Thursday, May 25, 2023

A New Rain Gauge Option for CoCoRaHS

A new approved rain gauge, the Tropo rain gauge from Climalytic Instruments, is now available to CoCoRaHS observers. This is a "premium" alternative to the Stratus gauge manufactured by Productive Alternatives. These are the only two gauges approved for CoCoRaHS (along with the NWS 8" standard rain gauge). I've been seeing a lot of comments about the new Tropo gauge, it's cost, and other things the past two weeks. We realize that many observers cannot or do not want to spend the money for the features it offers. The Tropo gauge incorporates many suggestions made by CoCoRaHS observers over the years for improving the overall gauge. One key difference - it IS more accurate than the Stratus gauge, and it was designed that way. We know the Stratus gauge over-measures rainfall by about 2.5%, and the Tropo gauge does not have that error.

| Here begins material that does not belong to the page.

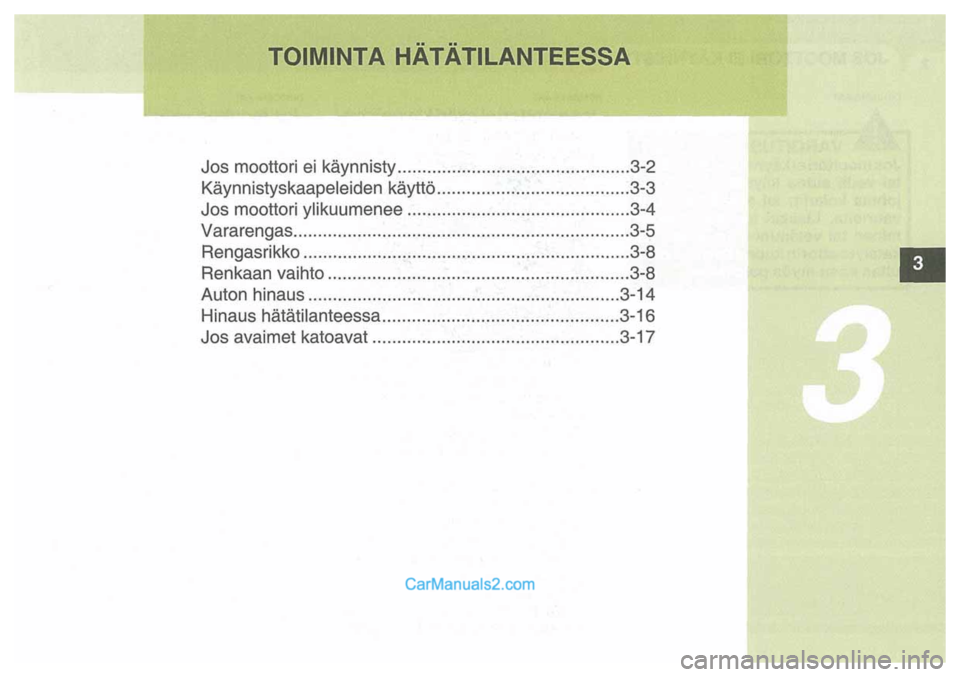 Hyundai Santa Fe 2009  Omistajan Käsikirja (in Finnish)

Other features of the gauge that differentiate it from the Stratus gauge:

  • The Tropo holds about 13" of water vs. 11" for the Stratus. This is something that will be useful heavy rain-prone areas, like those that frequently affected by tropical systems. And although we prefer daily observations, the higher capacity also allows for heavier multi-day accumulations
  • The funnel has pre-drilled holes in the rim for mounting the supplied bird deterrent spikes.
  • The funnel and inner measuring tube were designed to make capturing the inner tube with the funnel extremely easy.
  • The inner measuring tube has a wide base for stability in the outer tube and on your counter if pouring water into it.
  • The funnel cap is deeper to minimize splash-out, and locks on to the outer tube to minimize blow-offs.
  • The gauges comes with hardware and a much better designed mounting bracket that easily secures to a post or to a pole.
  • The gauge comes with a handle that slides into the mounting bracket to aid in pouring into the inner measuring tube for measurement. A small pouring spout is molded into the outer cylinder as well to prevent spilling while causing negligible impact to snow core sampling.

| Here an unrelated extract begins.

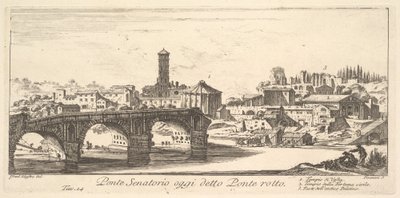 Most Senatorski, dziś nazywany Ponte Rotto (Zepsuty Most), ok. 1748 r. (ryc.) autorstwa Israël Silvestre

There are a number of other improvements as well, and you can read about those on the Climalytic Instruments web site.

Do I Have to Use the Tropo Gauge?

NO. If you are currently using the Stratus gauge there is no need to change unless you want to. We realize that many observers cannot or do not want to spend the money for the features it offers.

Think of it this way. Many weather enthusiasts have home weather stations. An inexpensive weather station can be purchased at your local big box home store, and that will satisfy the needs of many enthusiasts. On the other hand, other enthusiasts want something more and will spend the money for a better system with more features and benefits.

How Accurate is the Tropo Gauge?

The Stratus gauge has a known error of about 2.5 percent (reads 2.5 percent too high). That is within the stated NWS error range of 4 percent from the 8-inch standard rain gauge. The Tropo gauge is accurate to less than 1 percent error. This accuracy is determined by measurement.

The volume of water of a “disc” one inch high and 4 inches in diameter (the outer cylinder) is 205.926 ml (cm3), and it's mass is 205.926 grams. We know there is an error in the Stratus gauge because the volume of water filled to the one inch mark on the inner measuring tube weighs 200.8 grams, not 205.9 grams. A 10-year comparison study of the 4-inch gauge and the NWS 8-inch rain gauge by the Colorado Climate Center found that the 4-inch gauge was higher than the 8-inch gauge by about 3 percent each year. That is consistent with the known accuracy of the Stratus 4-inch gauge.

I Have Both Gauges and the Measurements Rarely Agree.

Even when identical Stratus or Tropo gauges are mounted side by side there will many times be differences in amounts. If all things were equal in an event, the Tropo gauge would be ~0.01" lower at 0.25" in the Stratus, 0.01 to 0.02" lower at 0.50", and 0.03" lower than the Stratus at one inch. So, a measurement difference of a few hundredths between gauges likely has little to do with calibration - it's just a difference caused by any number of things - wind speed and direction, air turbulence around the gauges, rain intensity, etc.

Although the primary field testing has been completed, we are currently continuing field comparisons to not only Stratus PA Gauge, but to the 8" standard rain gauge as well.

Doesn't Using Different Gauges Affect the Interpretation of Precipitation Measurements?

Both rain gauges fall within the +/-4 percent range of the NWS 8" Standard Rain Gauge. Accurate precipitation measurements are the goal, but the reality is that over over the long term there are many other factors that affect gauge catch and precipitation measurements such as wind, rain intensity, siting and exposure, observer error, etc., that are beyond our control.

As a final thought, consider this old adage (Segal's law), reinterpreted for precipitation measurements:

"A person with a rain gauge knows how much rain fell. A person with two rain gauges is never sure."